A program may make disclosures to public or private medical personnel
"who have a need for information about a patient for the purpose of
treating a condition which poses an immediate threat to the health of
any individual." The regulations define "medical emergency" as a
situation that poses an immediate threat to health and requires
immediate medical intervention (§2.51).
The medical emergency exception permits disclosure only to medical
personnel. It cannot be used as the basis for a disclosure to the
police or other nonmedical personnel, including parents. Under this
exception, however, a program could notify a private physician about a
suicidal patient so that medical intervention could be arranged. The
physician, in turn, could notify a patient's parents or other relatives,
as long as no mention were made of the patient's AOD problem.
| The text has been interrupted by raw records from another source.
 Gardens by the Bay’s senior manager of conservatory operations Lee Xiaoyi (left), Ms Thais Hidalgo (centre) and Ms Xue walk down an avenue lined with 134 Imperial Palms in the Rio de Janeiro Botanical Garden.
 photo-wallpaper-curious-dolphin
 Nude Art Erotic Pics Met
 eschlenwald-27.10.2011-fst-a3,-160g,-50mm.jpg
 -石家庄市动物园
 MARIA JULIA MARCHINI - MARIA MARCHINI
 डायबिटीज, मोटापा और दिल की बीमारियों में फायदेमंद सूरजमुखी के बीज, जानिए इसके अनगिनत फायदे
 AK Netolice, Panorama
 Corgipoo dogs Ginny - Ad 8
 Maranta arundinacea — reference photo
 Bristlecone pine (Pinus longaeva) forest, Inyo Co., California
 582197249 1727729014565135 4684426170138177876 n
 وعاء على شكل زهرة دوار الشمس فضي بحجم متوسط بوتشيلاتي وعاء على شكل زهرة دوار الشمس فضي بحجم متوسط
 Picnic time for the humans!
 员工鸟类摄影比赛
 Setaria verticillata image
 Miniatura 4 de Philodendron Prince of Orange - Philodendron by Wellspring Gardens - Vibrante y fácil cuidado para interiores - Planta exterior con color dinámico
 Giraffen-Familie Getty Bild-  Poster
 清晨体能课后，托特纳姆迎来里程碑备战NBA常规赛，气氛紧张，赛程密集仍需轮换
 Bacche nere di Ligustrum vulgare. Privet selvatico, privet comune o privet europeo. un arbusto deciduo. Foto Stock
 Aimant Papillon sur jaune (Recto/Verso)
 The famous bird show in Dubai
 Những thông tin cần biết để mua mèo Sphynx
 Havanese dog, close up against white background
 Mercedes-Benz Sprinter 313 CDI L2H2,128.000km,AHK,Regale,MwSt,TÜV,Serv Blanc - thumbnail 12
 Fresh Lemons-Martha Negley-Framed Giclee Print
Whenever
a disclosure is made to cope with a medical emergency, the program must
document in the patient's records the name and affiliation of the
recipient of the information, the name of the individual making the
disclosure, the date and time of the disclosure, and the nature of the
emergency.
If a program routinely needs to share certain information with an
outside agency that provides services to the program, it can enter into
a QSOA. A QSOA (Exhibit E-4) is a written
agreement between a program and a person providing services to the
program, in which that person (1) acknowledges that in receiving,
storing, processing or otherwise dealing with any patient records from
the program, he or she is fully bound by [the Federal confidentiality]
regulations; and (2) promises that, if necessary, he or she will resist
in judicial proceedings any efforts to obtain access to patient records
except as permitted by these regulations, §§2.11, 2.12(c)(4).
A QSOA should be used only when an agency or official outside of the
program, for example, a clinical laboratory or data-processing agency,
is providing a service to the program itself. An example is when
laboratory analysis or data processing is performed for the program by
an outside agency. A QSOA is not a substitute for individual consent in
other situations. Disclosures under a QSOA must be limited to
information that is needed by others so that the program can function
effectively. QSOAs may not be used between programs providing alcohol
and drug services
The Federal regulations permit some information to be disclosed to
individuals within the same program:
The restrictions on disclosure in these regulations do not apply
to communications of information between or among personnel having a
need for the information in connection with their duties that arise out
of the provision of diagnosis, treatment, or referral for treatment of
alcohol or drug abuse if the communications are (i) within a program or
(ii) between a program and an entity that has direct administrative
control over that program, §2.12(c)(3).
In other words, staff (including full- or part-time employees and
unpaid volunteers) who have access to patient records because they work
for or administratively direct the program may consult among themselves
or otherwise share information if their substance abuse work so
requires.
Does this exception allow a detoxification program that is part of a
larger entity, such as a hospital, to share confidential information
with others that are not part of the detoxification unit? The answer to
this question is quite complicated. In brief, there are circumstances
under which the detoxification unit may share information with other
units that are part of the greater entity to which it belongs. Before
such an internal communication system is set up within a large
institution, however, it is essential that an expert in the area be
consulted.
The Federal confidentiality regulations require programs to notify
patients of their right to confidentiality and to give them a written
summary of the regulations' requirements. The notice and summary should
be handed to patients when they enter the program or shortly thereafter,
§2.22(a). The regulations contain a sample notice that may be used
for this purpose.
Unless State law grants the right of patient access to records,
programs have the right to decide when to permit patients to view or
obtain copies of their records. The Federal regulations do not require
programs to obtain written consent from patients before permitting them
to see their own records.
The Federal regulations require programs to keep written records in a
secure room, locked file cabinet, safe, or other similar container. The
program should establish written procedures that regulate access to and
use of patient records. The program director or a single staff person
should be designated to process inquiries and requests for information
(§2.16).
Administrators and staff members of AOD detoxification programs
should become thoroughly familiar with the many legal issues affecting
their work. Such knowledge can prevent costly mistakes. Because legal
requirements often vary by State and change over time, it is also
essential that programs find a reliable source to whom they may turn for
up-to-date information, advice, and training.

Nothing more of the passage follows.